DIRECTOR COMPENSATION

                 Non-employee directors of the Corporation receive an annual
fee of $2,400, plus a fee of $250 for each regular Board of Directors meeting
attended, $350 for each special Board of Directors meeting attended, and $150
for each Audit or Executive Committee meeting attended.  Only one fee is paid
for joint committee meetings.  Salaried employees of the Corporation or the
Banks who also serve as directors receive no additional compensation for their
services as directors.


TRANSACTIONS WITH MANAGEMENT AND OTHERS

                 The Corporation and the Banks have had and expect to have in 
the future business and banking transactions in the ordinary course of business 
with certain of their directors and executive officers and their associates, 
as well as with corporations with which they are connected as directors, 
officers or shareholders.  The banking transactions which have occurred were on
substantially the same terms, including interest rates and collateral, as those
prevailing at the time for comparable transactions with other persons.  In the





                                       22
<PAGE>   26
opinion of management of the Corporation and the Banks, such transactions do
not involve more than the normal risk of collectability or present other
unfavorable features.  The business transactions between the Corporation and
the Banks and certain of their directors and officers and their associates do
not result in material income or expense to either the Corporation, the Banks
or the participating directors, officers or their associates.


                 Walter Winn Davis, a Glasgow attorney, is a member of the
Advisory Board of Directors of TFBNA and is the brother of Board member, Mary
D. Cohron.  In 1993, Mr. Davis received payment by TFBNA of approximately
$18,000 for legal fees and retainers, in addition to regular directors' fees.

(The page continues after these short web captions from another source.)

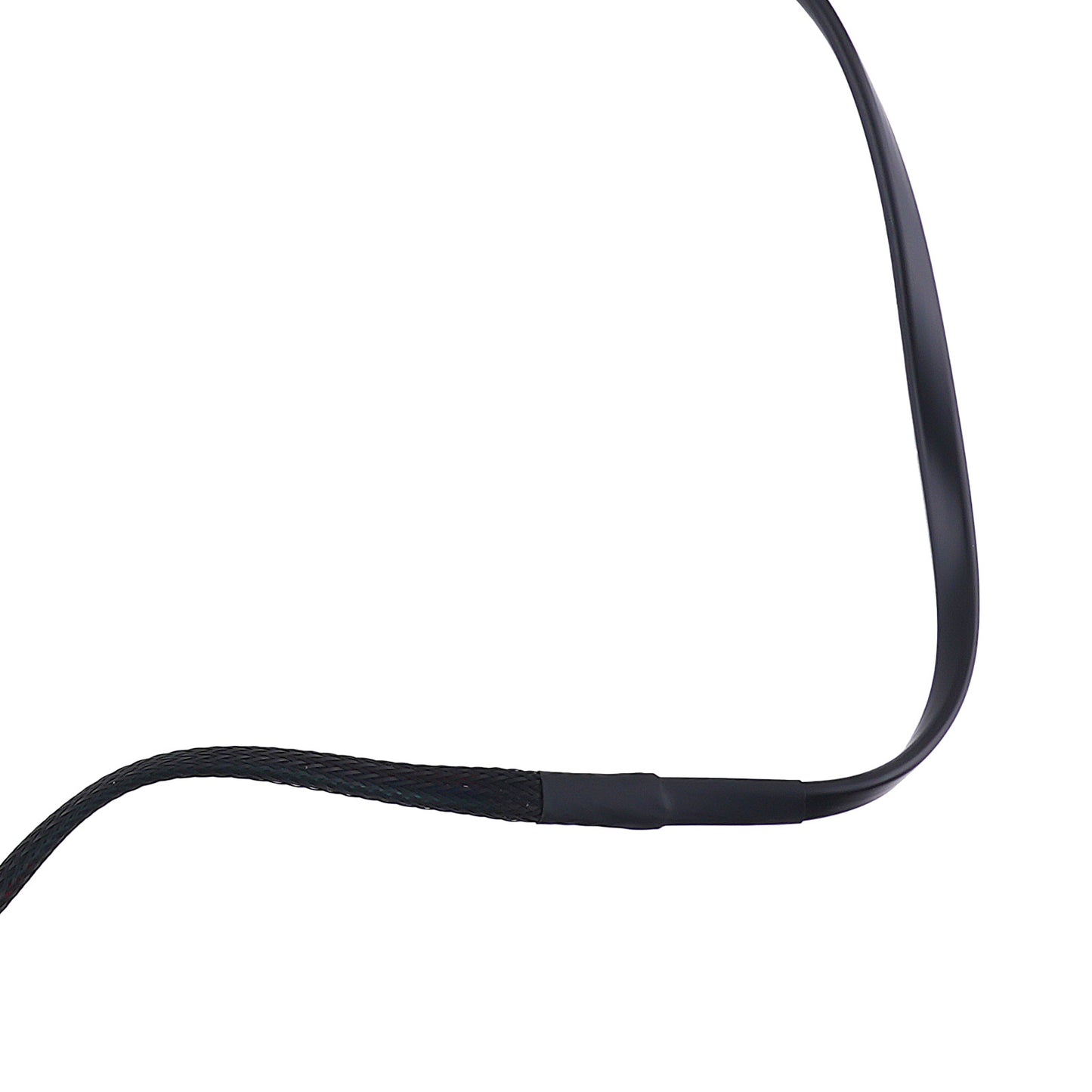 Power Trim Tilt Switch compatible for Johnson Evinrude OMC Remote Control 5006358 5006180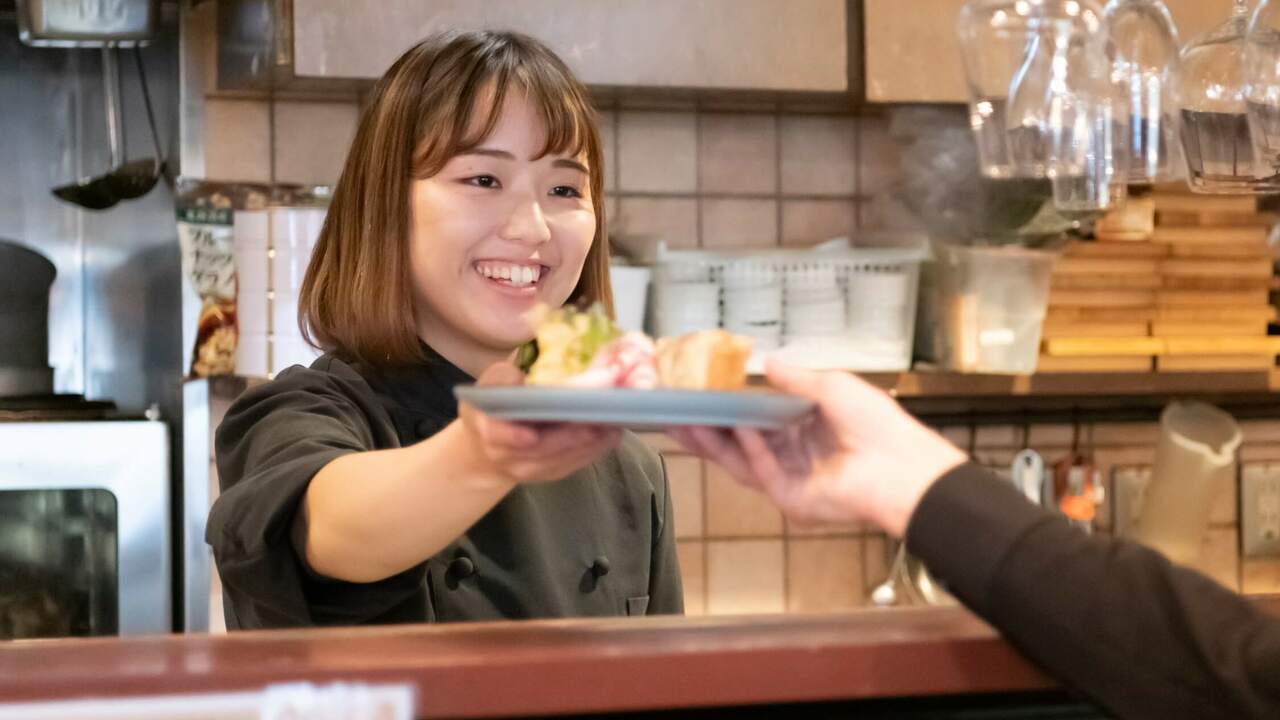 八十郎商店のこだわりポイントの写真4枚目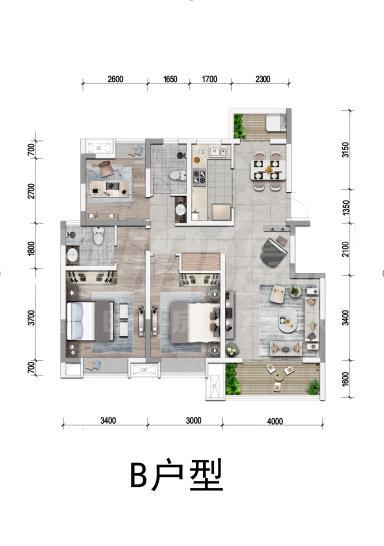 B2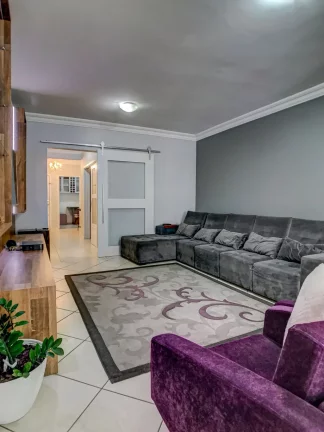 Imagem Apartamento Praça Congresso, Criciúma sc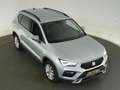 SEAT Ateca STYLE TSI DSG+VOLL LED+NAVI+RÜCKFAHRKAMERA+SITZ-/L Silber - thumbnail 31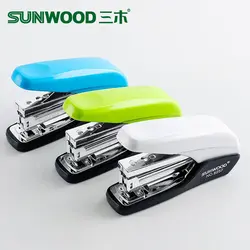 منگنه سان وود مدل راحت زن کد SUN-8162 - قیمت و خرید آنلاین - قاطی پاتی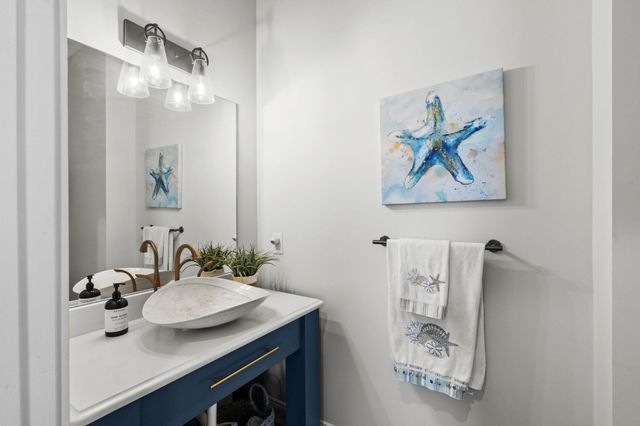 2200 Via Palma Dr., North Myrtle Beach, SC 29582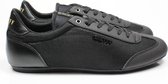 Cruyff Recopa zwart sneakers heren (S) (CC3340201490)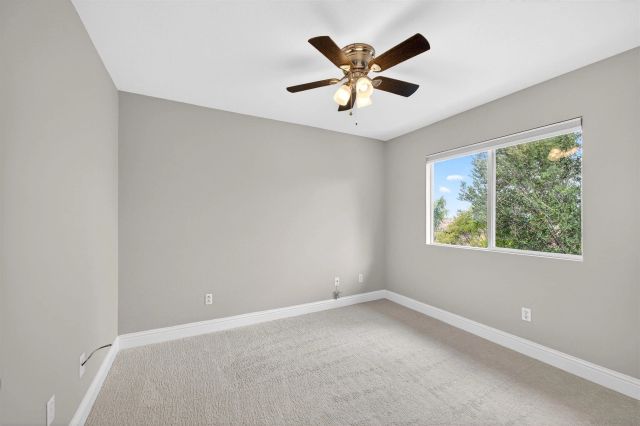 1877 EL MODENA RD, Chula Vista, CA 91913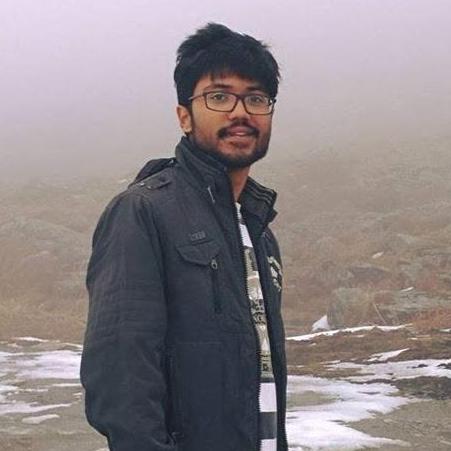 Siddhlodha Siddh Lodha Github - Sunset Designs - Professional High Resolution Collection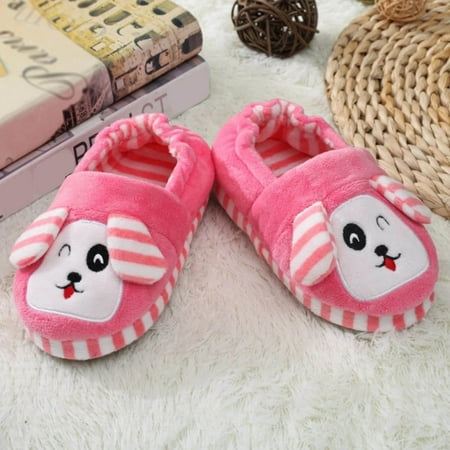 Cathalem Toddler Tennis Shoes Size 6 Boys Toddler Kids Baby Warm Shoes Boys Girls Cute Cartoon Dog Strike Rite Shoes Girls Shoes Pink 3.5 Years
Cathalem Toddler Tennis Shoes Size 6 Boys Toddler Kids Baby Warm Shoes Boys Girls Cute Cartoon Dog Strike Rite Shoes Girls Shoes Pink 3.5 Years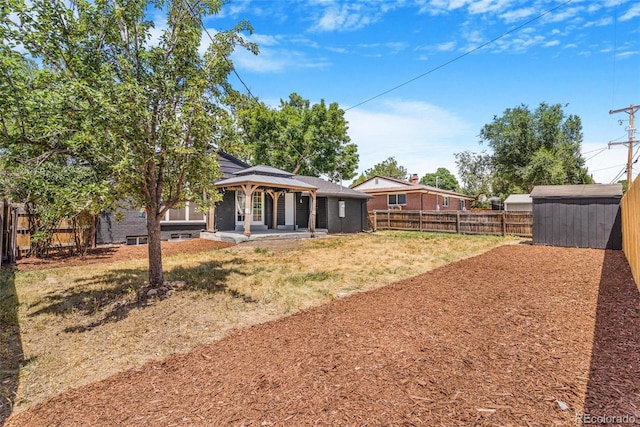 700 Nickel St, Broomfield, CO 80020 - photo 29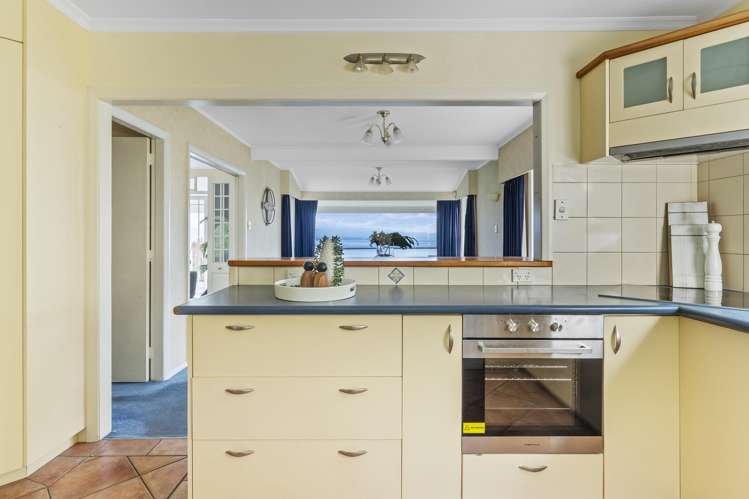 17 Jackson Street Marybank_21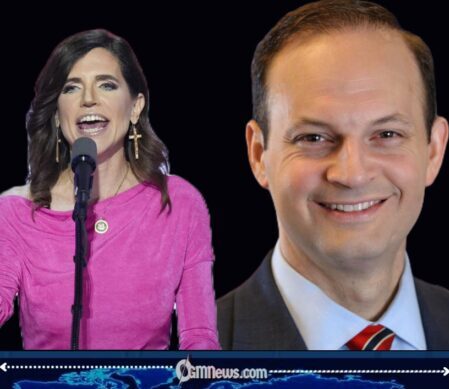 TRUMP'S DOUBLE ENDORSEMENT SHOCKER: SOUTH CAROLINA REPUBLICANS WONDER WHETHER PICKING BOTH SIDES IS THE NEW POLITICAL STRATEGY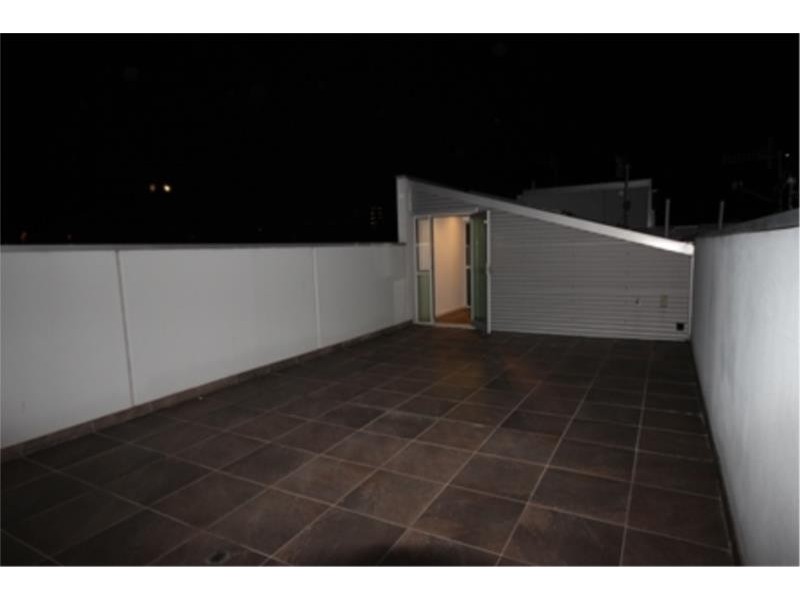 22A Macquarie Street, Prahran VIC 3181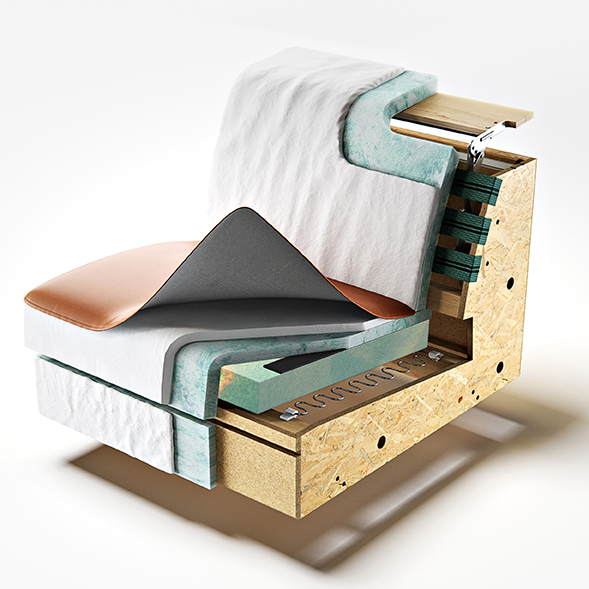 Rom_Sitzaufbau Querschnitt Stand 2022_Schaum_1-1_klein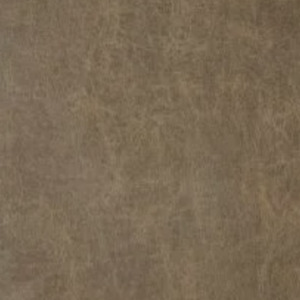 Iliv fabric saddle 7 product listing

                 Other transactions between the Corporation or the Banks and
management are described under Compensation Committee Interlocks and Insider
Participation.

                                  PROPOSAL II

                   APPROVAL OF TRANS FINANCIAL BANCORP, INC.
                             1994 STOCK OPTION PLAN


                 The Board of Directors of the Corporation adopted, subject to
the approval of its shareholders, the Trans Financial Bancorp, Inc. 1994 Stock
Option Plan (the "1994 Plan"), effective January 1, 1994.  Like the
Corporation's 1992 Stock Option Plan and 1990 Stock Option Plan, the purpose of
the 1994 Plan is to strengthen the Corporation by providing an additional means
of retaining and attracting competent management personnel by enabling key
employees to share in the Corporation's growth and prosperity and to promote a
continuing interest in the successful operation of the business.  The Board of
Directors adopted the 1994 Plan to provide additional shares of the
Corporation's Common Stock which may be optioned to key employees to enable
them to obtain a proprietary interest in the stock of the Corporation.  A copy
of the 1994 Plan is attached to this Proxy Statement as Annex A.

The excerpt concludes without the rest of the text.